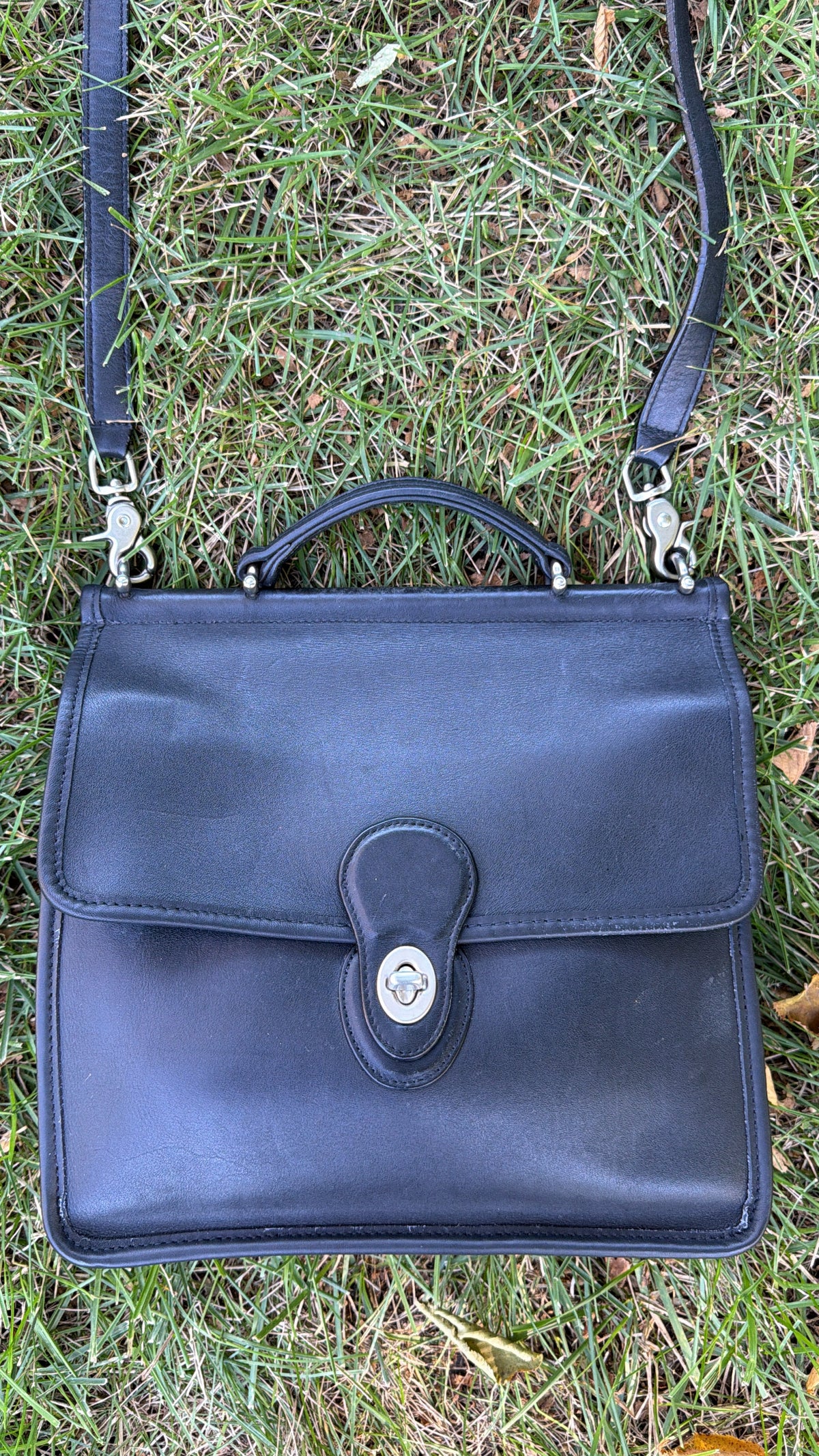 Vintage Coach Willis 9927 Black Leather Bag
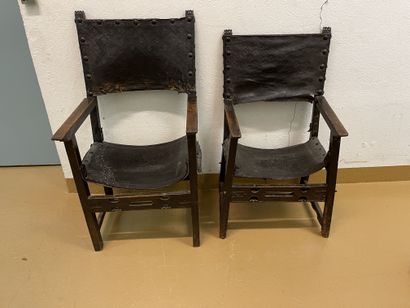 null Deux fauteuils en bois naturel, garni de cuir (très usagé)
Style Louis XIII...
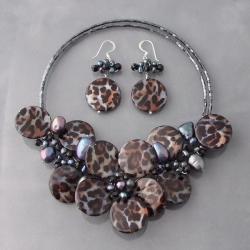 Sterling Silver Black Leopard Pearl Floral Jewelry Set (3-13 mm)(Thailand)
==================================================
▶ _Assignment_:
Your copy must begin at the line containing "null Deux fauteuils" and end at the last line of the material above. Reproduce each line exactly, but not the pictures.

▶ _Your solution_:
 null Deux fauteuils en bois naturel, garni de cuir (très usagé)
Style Louis XIII...
 Sterling Silver Black Leopard Pearl Floral Jewelry Set (3-13 mm)(Thailand)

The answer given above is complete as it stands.